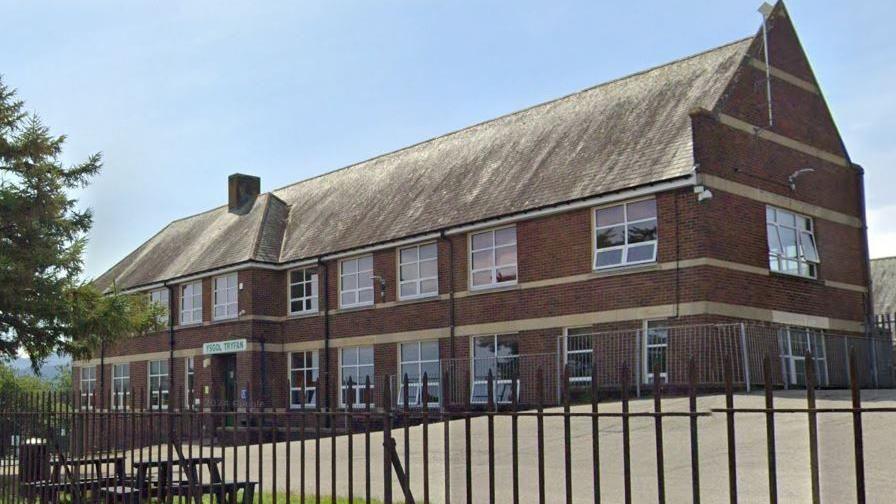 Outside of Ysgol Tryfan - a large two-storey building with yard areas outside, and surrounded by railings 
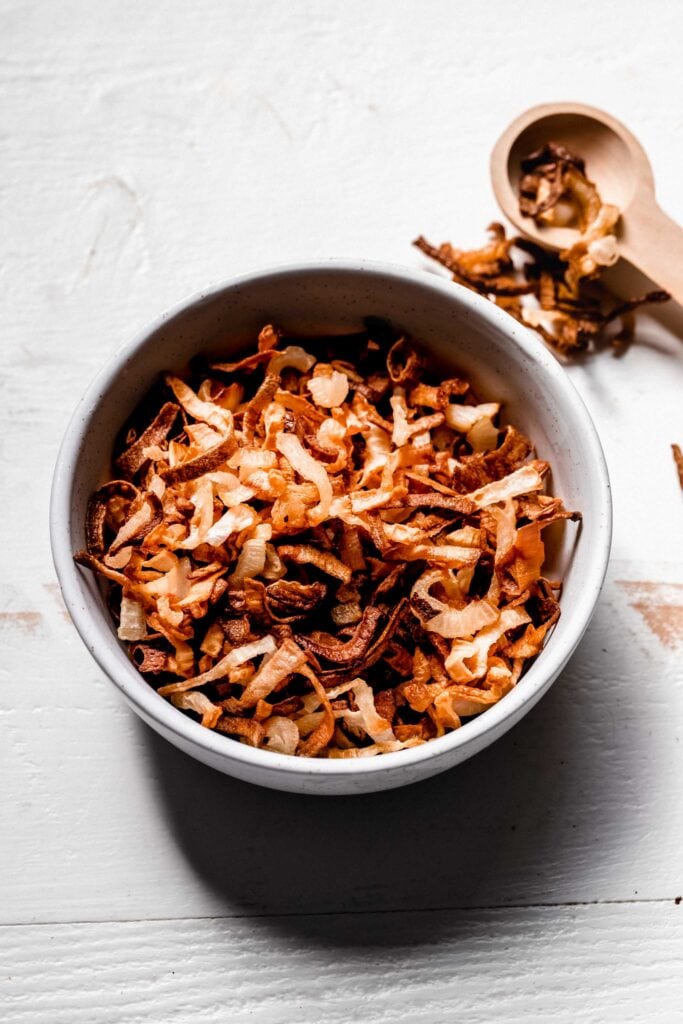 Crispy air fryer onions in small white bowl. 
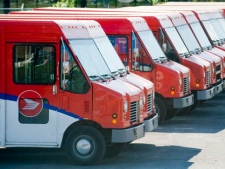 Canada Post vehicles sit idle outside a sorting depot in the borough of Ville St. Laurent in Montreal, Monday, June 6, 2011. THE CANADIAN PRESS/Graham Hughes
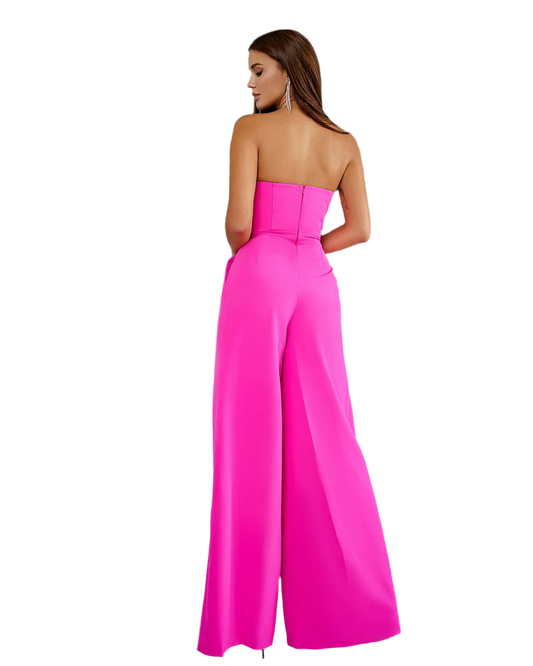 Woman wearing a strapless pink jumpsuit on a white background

- _Activity_:
Word for word, restate all of the data, but do not copy the pictures.

- _Response to the exercise_:
 Outside of Ysgol Tryfan - a large two-storey building with yard areas outside, and surrounded by railings 
 Crispy air fryer onions in small white bowl. 
 Canada Post vehicles sit idle outside a sorting depot in the borough of Ville St. Laurent in Montreal, Monday, June 6, 2011. THE CANADIAN PRESS/Graham Hughes
 Woman wearing a strapless pink jumpsuit on a white background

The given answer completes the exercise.